(Beginning of DATA SEGMENT)

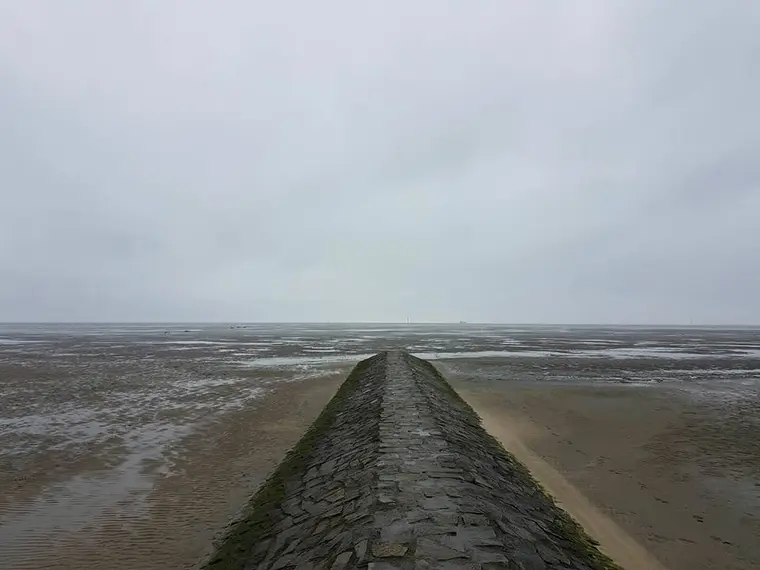 Steinsteeg und die Ebbe in herber Schönheit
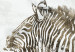 Canvas In Love Zebras (1-piece) Wide - animals on a smoky background 134392 additionalThumb 5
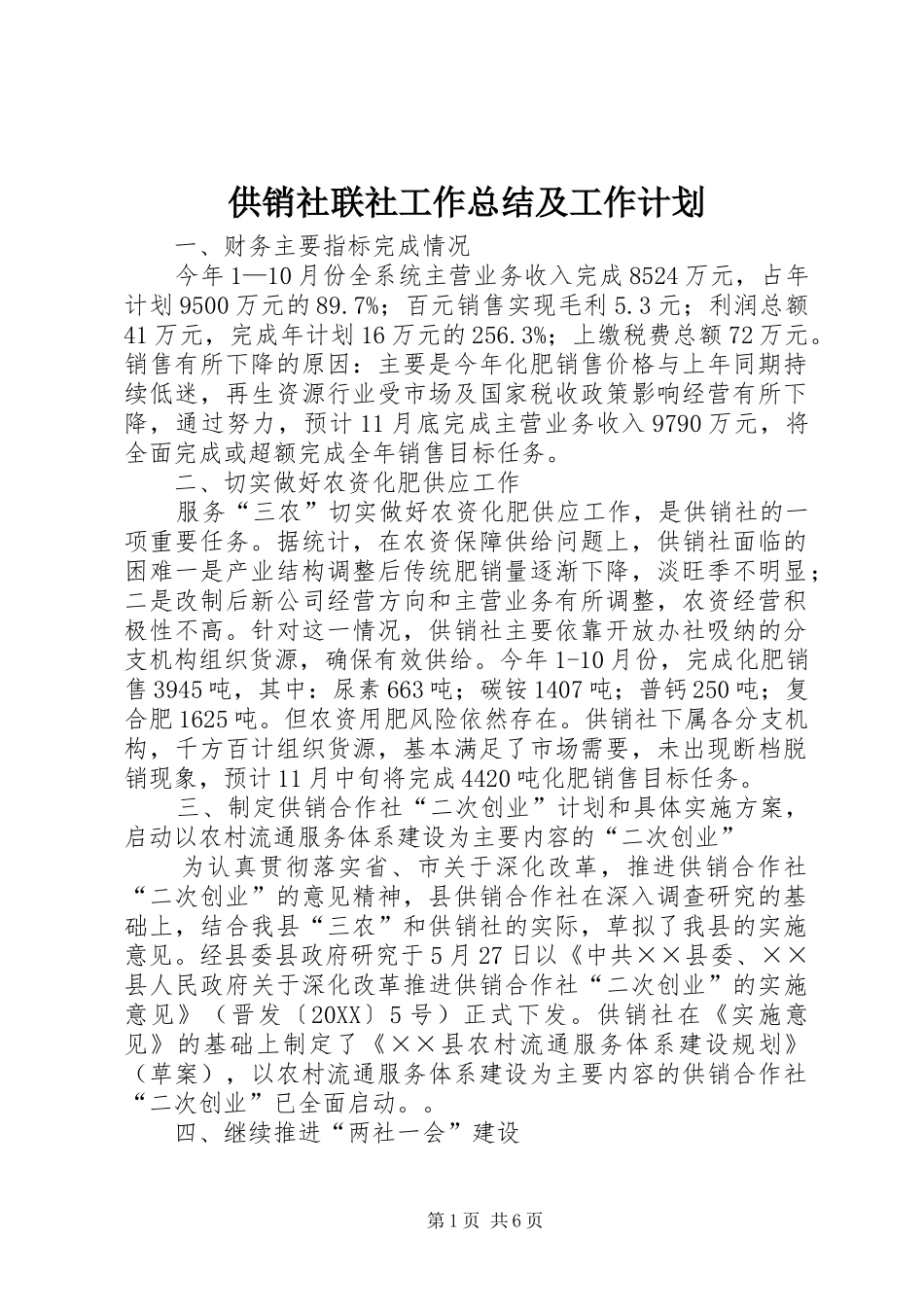 2024年供销社联社工作总结及工作计划_第1页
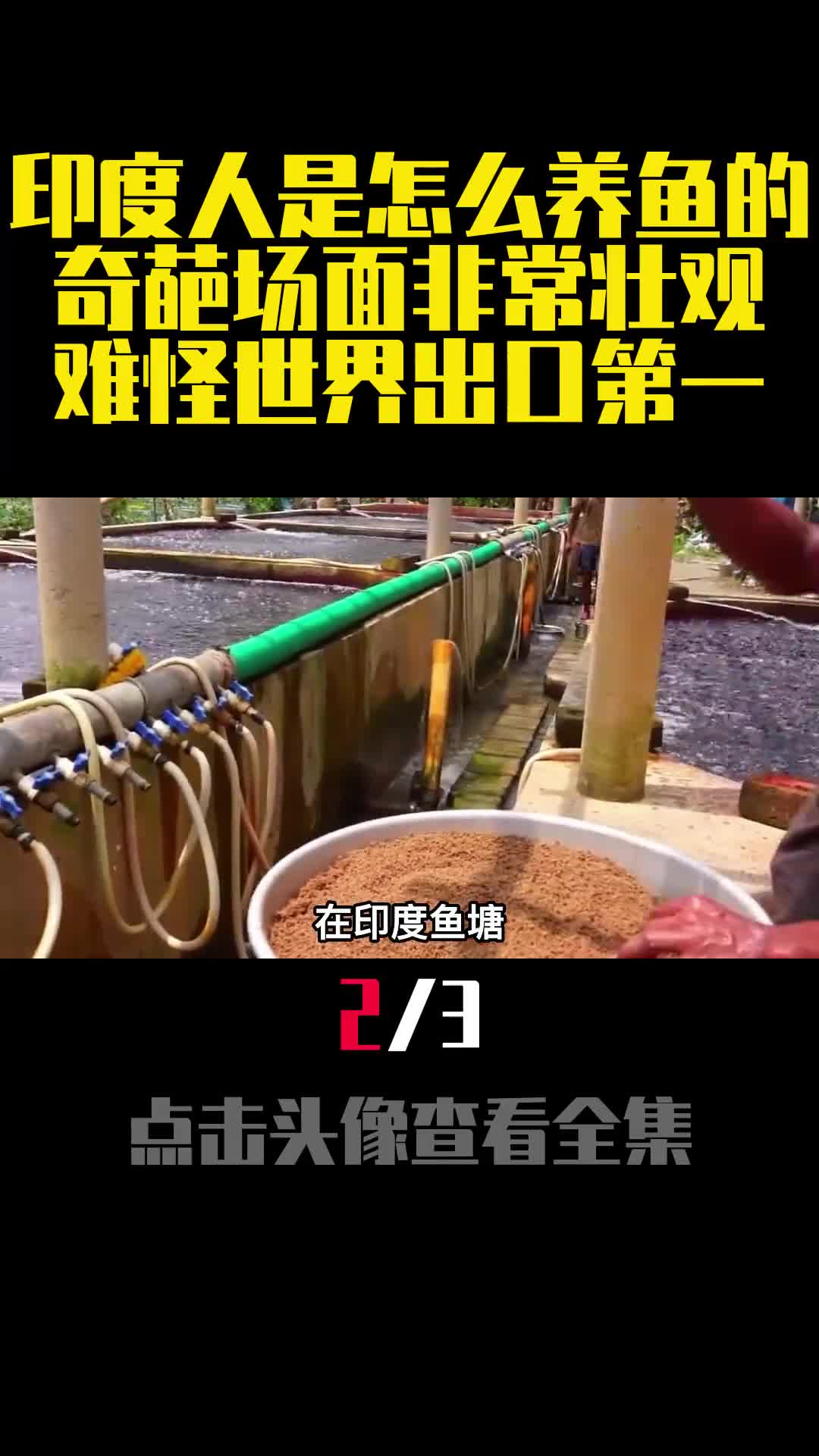 印度人是怎么养鱼的奇葩场面非常壮观难怪世界出口第一2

(End of DATA SEGMENT)

* [TASK INSTRUCTIONS]:
Transcribe the listing above verbatim. No picture belongs in the result.

* [REPLY TO THE EXERCISE]:
 Steinsteeg und die Ebbe in herber Schönheit
 Canvas In Love Zebras (1-piece) Wide - animals on a smoky background 134392 additionalThumb 5
 2024年供销社联社工作总结及工作计划_第1页
 印度人是怎么养鱼的奇葩场面非常壮观难怪世界出口第一2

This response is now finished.